Over the last two weekends I've been at conferences in St. Louis and Boston. (I've got to get another hobby!) At both locations I was involved with the Birds of a Feather session for architecture.
I found it very interesting that in both cities, SOA and it's usage was discussed. Teams using SOA technologies (like Web Services for instance) to pass larger data sets are finding SOA works very well.
Other teams that are wrapping very small bits of data in a Web Service are finding them to be cumbersome, ugly, and useless.
The problem is the same abuse of EJB that occurred a few years ago. People took a technology that's designed to handle large, coarse-grained chunks of data (something like getCustomer) and using it for fine-grained data queries (like getFirstName). The technology wasn't designed for setters and getters, it was designed for documents or datasets.
People who abused EJBs thought they weren't very useful either. :)
The trend was very pronounced. Everyone implementing SOAs with fine-grained access thought SOA was a buzzword compliant boondoggle mandated by clueless management. Everyone using coarse-grained SOAs access loved the technology and saw it filling a real need. During both discussions light bulbs went off all over the room. People saw what they were doing right or wrong.

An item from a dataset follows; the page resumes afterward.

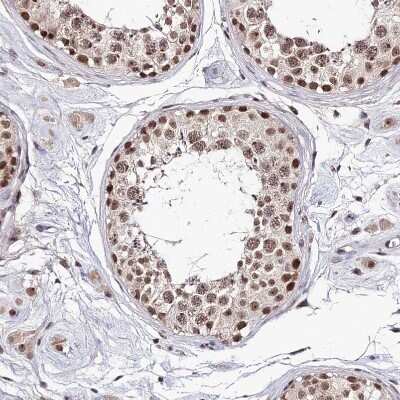 Immunohistochemistry-Paraffin: EXOSC3 Antibody [NBP1-91874]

It came down to the concept of what Mark Richards called an application interface versus and enterprise interface. Fine grained access should be available in a light-weight way from within an application. You don't move that to RMI, Corba, or a web service. However, when you have an enterprise interface, it gets shared via Corba or Web Services, and because of that scope and cost, you only share the bigger document requests through those interfaces.
This is just an observation on what I find to be an interesting trend. I think it's significant because Boston and St. Louis are in completely different parts of the country and (primarily) host different types of industry. Yet, they're already bumping into the same issues.
The principal here is to learn the new technology or tool, but don't use it just because you can. Don't use it if you don't understand it. Most of the technology we use falls into the category of YAGNI. You Aren't Going to Need It. New technologies are still good to learn so that you understand when they are appropriate to use, but abusing a new technology just so you can use it tends to cause more problems than it solves.